_TASK ITEM_
Nothing but the lines below from the one containing "High Strength Saltwater" through the one containing "Imagen de Tabla" should appear in the answer, exact and without pictures.

[[ TASK INPUT, beginning ]]

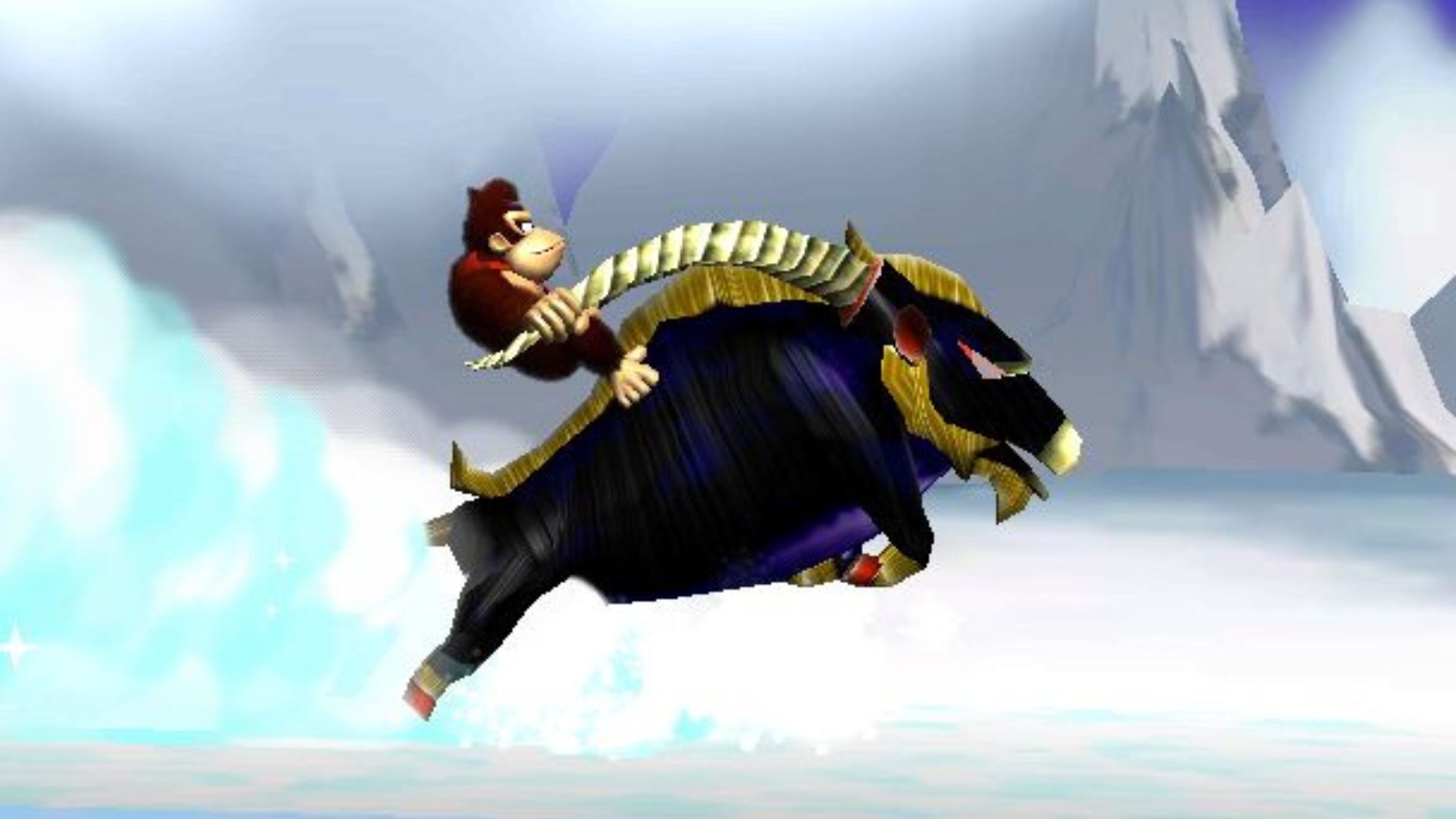 Donkey Kong Jungle Beat - DK riding another animal.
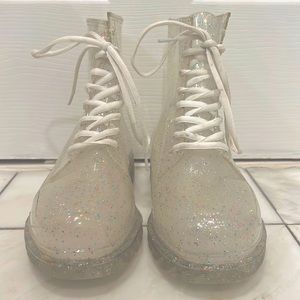 Size 9, 2010’s Urban Outfitters clear glitter combat boots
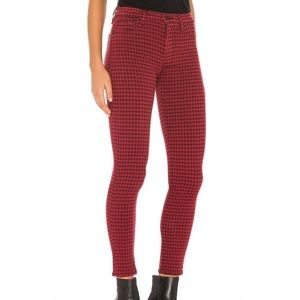 Hudson Barbara Super Skinny Black & Red Houndstooth Skinny Jeans - 24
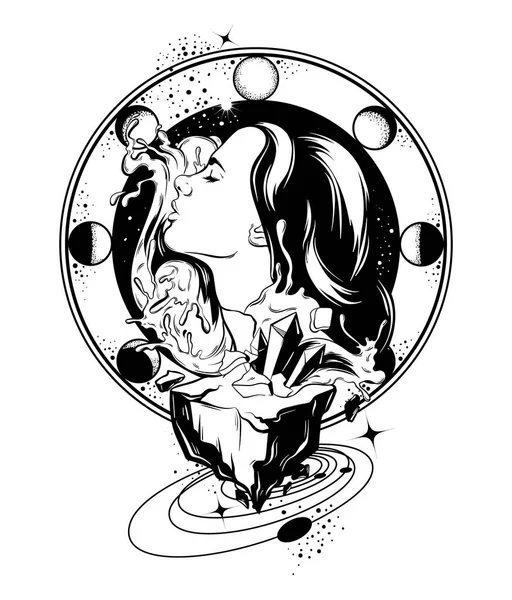 Vektorové Ručně Kreslené Ilustrace Hezká Ženská Vlnami Rock Creative Tetování — Stockový vektor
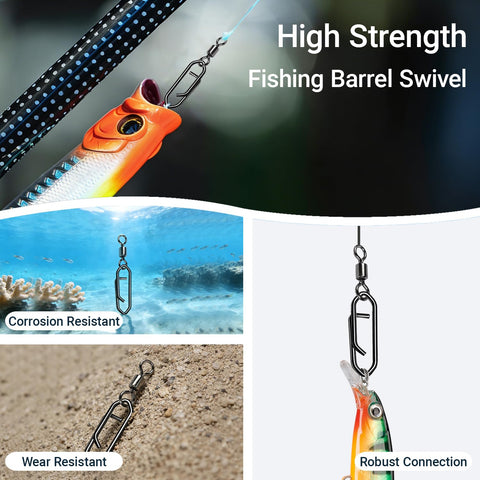 High Strength Saltwater Barrel Swivels And Snap Clips Set Stainless Steel Line Connectors for fishing gear in use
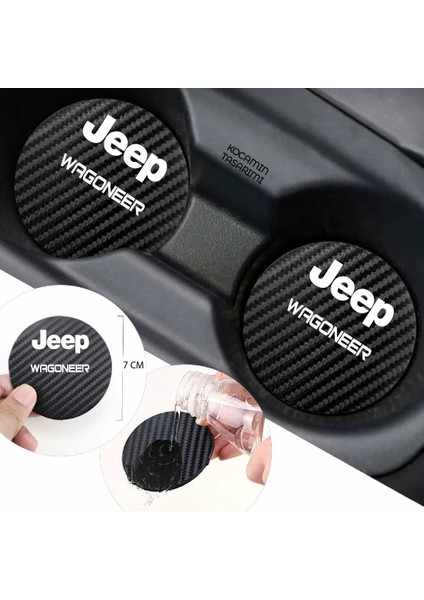 Jeep Wagoneer Yazılı Siyah Karbon Araç Bardak Altlığı Jeep Logolu Wagoneer Için Şık ve Spor 7 cm Tasarım 2 Adet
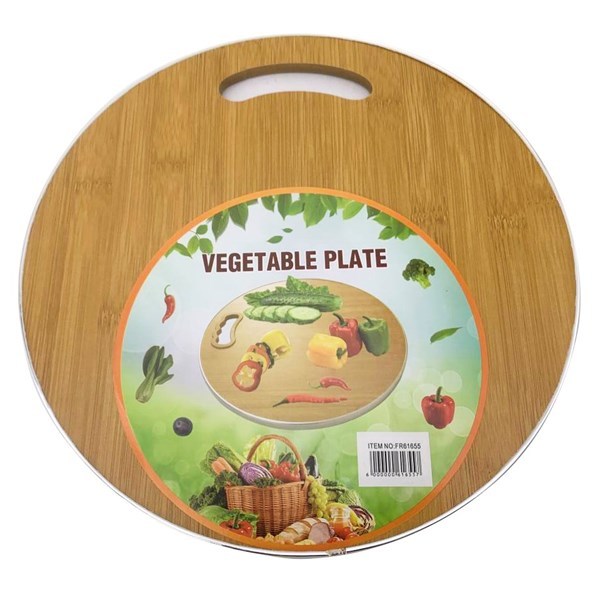 Imagen de Tabla para cocina de madera redonda, 30cm, borde de metal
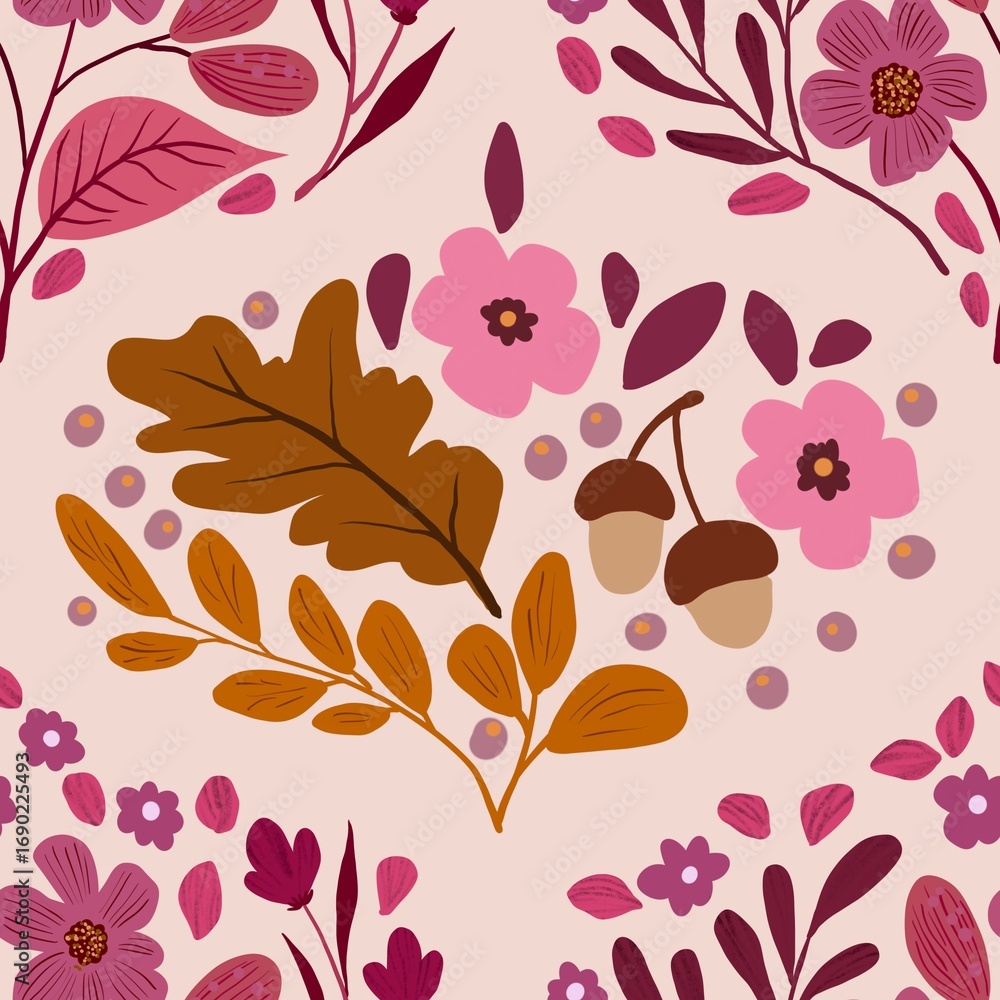 Fototapeta premium Autum Winter Pattern Background Illustration For Cover, Banner, Notes. Fall Winter Aesthetic Background. Plant And Flower Pattern Background.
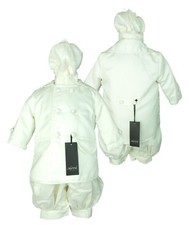 Baby Boy Ivory Jumpsuit 3 Piece Christening Baptism Outfit by Couche Tot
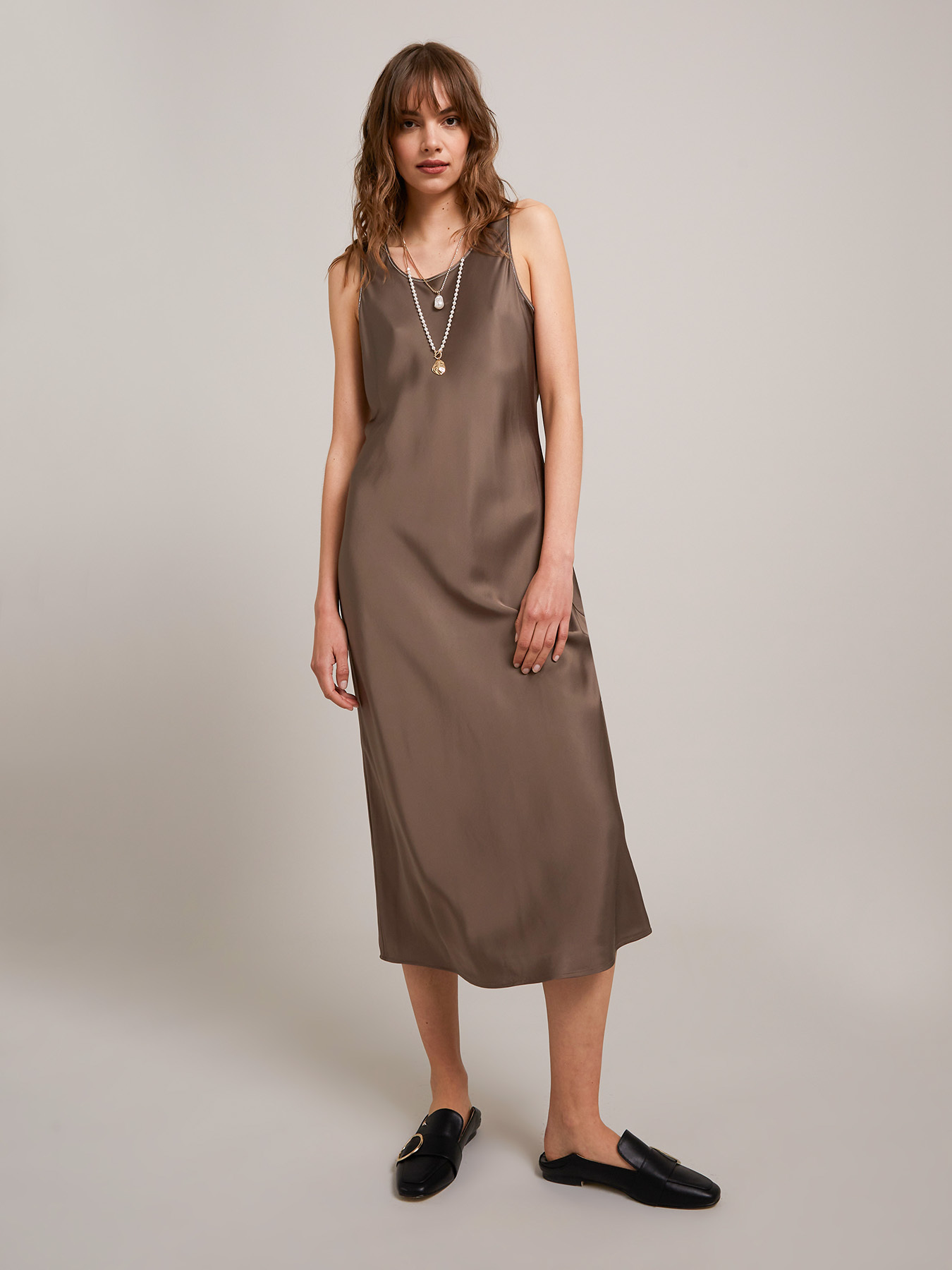 Vestito lungo in raso image number 2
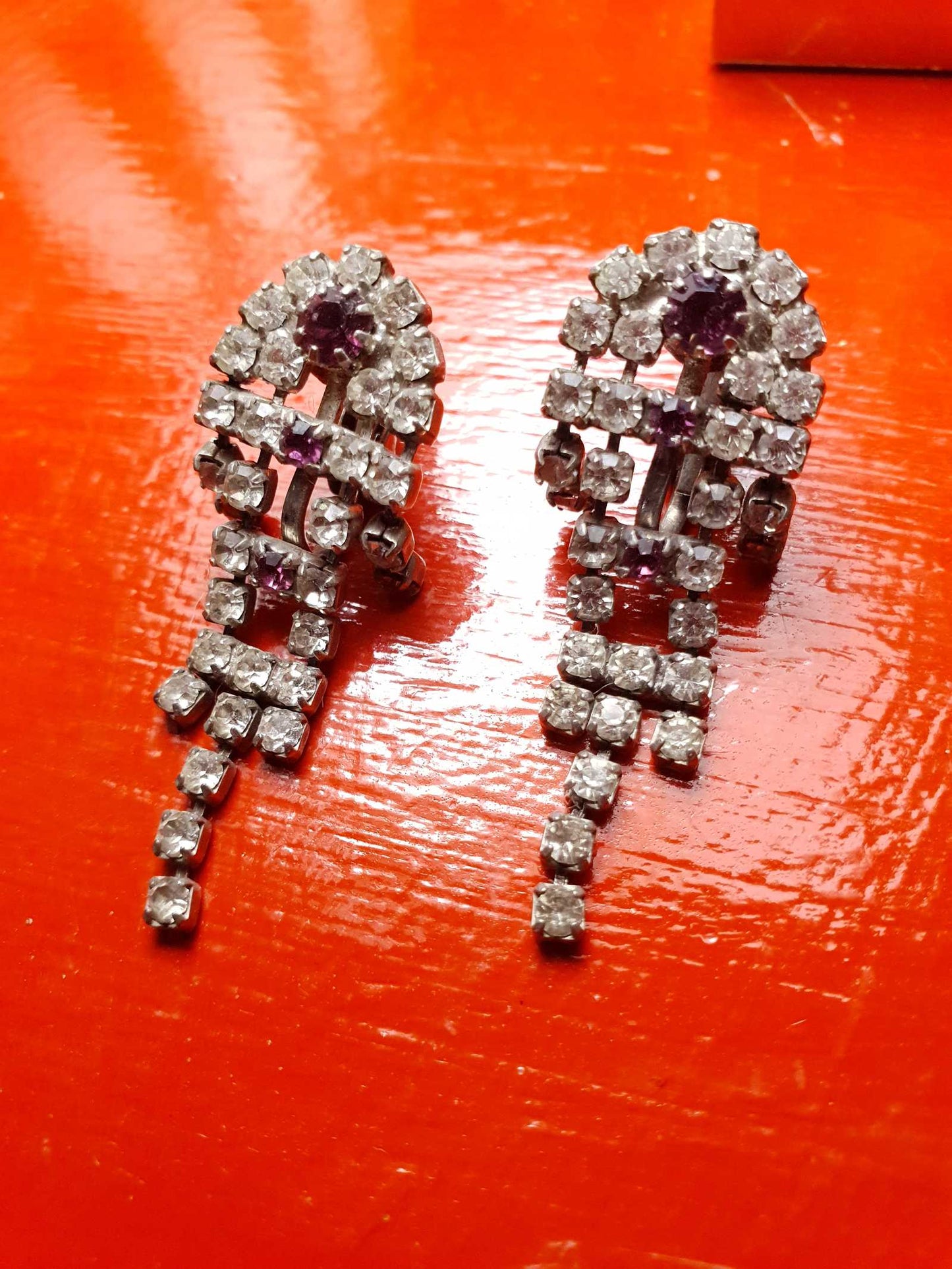 Vintage 1950s Rhinestone Dangle Earrings Drop Diamante Leverback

[[ TASK INPUT, end ]]

_FINISHED TASK_
 High Strength Saltwater Barrel Swivels And Snap Clips Set Stainless Steel Line Connectors for fishing gear in use
 Jeep Wagoneer Yazılı Siyah Karbon Araç Bardak Altlığı Jeep Logolu Wagoneer Için Şık ve Spor 7 cm Tasarım 2 Adet
 Imagen de Tabla para cocina de madera redonda, 30cm, borde de metal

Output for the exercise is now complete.